Whole Foods Breaks Ground On New Pullman Distribution Center
CHICAGO (CBS) -- It's a momentous day for one of Chicago's most historic neighborhoods, as Whole Foods breaks ground on a new distribution center in Pullman.
The 140,000-square-foot facility is expected to bring in about 150 jobs to a neighborhood that played a prominent role in the labor movement at the turn of the 20th century, and has become the focus of revival efforts in recent years.
Mayor Rahm Emanuel, Ald. Anthony Beale (9th), and company officials were on hand to break ground Tuesday morning. The facility, which will replace a distribution center in northwest Indiana, will supply some 70 different Whole Foods stores in the Midwest and Canada.
"To be able to say that we actually got a company from Indiana to come here to the city of Chicago is huge," Beale said.
Longtime neighborhood resident Dee Smith said the facility is a welcome boon to Pullman.
"So many of the factories have been closed. This will help rejuvenate the economy and hopefully help a lot of people get jobs," she said.
Chicago Neighborhood Initiatives, a nonprofit community development organization, has overseen much of the recent redevelopment in Pullman.
"Over the last five years, we've coordinated $130 million of investment here in Pullman," CNI President David Doig said. "Incomes are up by 16 percent, property values are up by 20 percent, and violent crime is down by almost 50 percent."
The Whole Foods facility will be built on a 17-acre site owned by a CNI venture, which will prepare the site for a developer to build the center and lease it to Whole Foods.
CNI also handled site prep for a new Whole Foods store in Englewood, scheduled to open in September.
If all goes as planned, the distribution center in Pullman will open in early 2018.
Last year, President Barack Obama declared the Pullman Historic District a national monument, to honor its status as one of the first "company towns" in the U.S. Pullman was home to railroad baron George Pullman's factory town in the 1880s; he built homes, shopping areas, churches, theaters, a hotel, a library, and other amenities for his workforce at Pullman Palace Car Co.
Since the neighborhood was declared a national monument, more than $220 million worth of development projects have been announced in Pullman.

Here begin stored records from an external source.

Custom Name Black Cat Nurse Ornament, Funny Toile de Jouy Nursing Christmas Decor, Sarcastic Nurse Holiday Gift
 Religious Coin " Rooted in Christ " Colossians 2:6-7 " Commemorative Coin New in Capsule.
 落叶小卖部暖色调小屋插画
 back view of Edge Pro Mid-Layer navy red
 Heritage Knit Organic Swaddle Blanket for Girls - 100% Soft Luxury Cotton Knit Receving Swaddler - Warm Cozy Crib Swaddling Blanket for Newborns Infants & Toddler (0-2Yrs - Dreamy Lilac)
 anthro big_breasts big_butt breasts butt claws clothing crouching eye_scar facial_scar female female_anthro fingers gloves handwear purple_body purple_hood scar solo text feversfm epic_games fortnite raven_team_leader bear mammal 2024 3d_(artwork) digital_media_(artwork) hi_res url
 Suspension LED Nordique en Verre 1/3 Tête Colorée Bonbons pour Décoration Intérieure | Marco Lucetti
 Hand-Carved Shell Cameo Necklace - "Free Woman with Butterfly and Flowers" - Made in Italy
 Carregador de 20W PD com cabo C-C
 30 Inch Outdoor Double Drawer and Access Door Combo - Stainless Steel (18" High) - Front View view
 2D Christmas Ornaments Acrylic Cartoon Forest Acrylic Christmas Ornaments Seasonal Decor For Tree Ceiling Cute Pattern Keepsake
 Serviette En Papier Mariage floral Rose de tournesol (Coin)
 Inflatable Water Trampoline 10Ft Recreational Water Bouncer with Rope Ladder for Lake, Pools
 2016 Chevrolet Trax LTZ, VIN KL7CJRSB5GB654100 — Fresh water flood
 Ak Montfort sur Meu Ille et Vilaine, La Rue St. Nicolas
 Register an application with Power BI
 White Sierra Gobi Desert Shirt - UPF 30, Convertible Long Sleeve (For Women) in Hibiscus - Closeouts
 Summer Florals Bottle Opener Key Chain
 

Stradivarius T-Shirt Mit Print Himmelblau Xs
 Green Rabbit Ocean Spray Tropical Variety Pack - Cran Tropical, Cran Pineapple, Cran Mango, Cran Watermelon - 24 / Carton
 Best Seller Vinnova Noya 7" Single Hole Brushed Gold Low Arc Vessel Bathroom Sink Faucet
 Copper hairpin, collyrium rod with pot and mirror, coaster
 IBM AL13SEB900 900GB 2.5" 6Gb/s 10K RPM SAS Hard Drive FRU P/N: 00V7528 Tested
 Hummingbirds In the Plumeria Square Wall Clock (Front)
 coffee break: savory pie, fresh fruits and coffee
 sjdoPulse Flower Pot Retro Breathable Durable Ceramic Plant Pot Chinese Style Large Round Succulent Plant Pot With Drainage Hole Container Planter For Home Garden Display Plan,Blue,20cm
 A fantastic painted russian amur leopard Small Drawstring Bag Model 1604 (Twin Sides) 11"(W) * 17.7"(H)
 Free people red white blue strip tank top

Four months ago, the Emanuel administration announced plans to assemble 800 new CTA train cars at a new rail plant in the neighborhood.
Beale said it's exciting CTA cars will be manufactured in the same neighborhood where the famed Pullman sleeper cars were built.
"What better place than to bring it full circle, and start building rail cars again here in the Roseland-Pullman community," Beale said.
The alderman said the recent revitalization started with Wal-Mart, which opened a store in Pullman in 2013.
"If it wasn't for the residents of the city of Chicago, who stood up and said 'We want Wal-Mart in the city, we wouldn't be here today," he said.
The Wal-Mart Supercenter in Pullman anchors a large shopping center that also includes a Ross Dress for Less store, a Planet Fitness gym, and a City Sports store. Other new developments in Pullman include a Method soap factory with a Gotham Greens urban farm on its roof.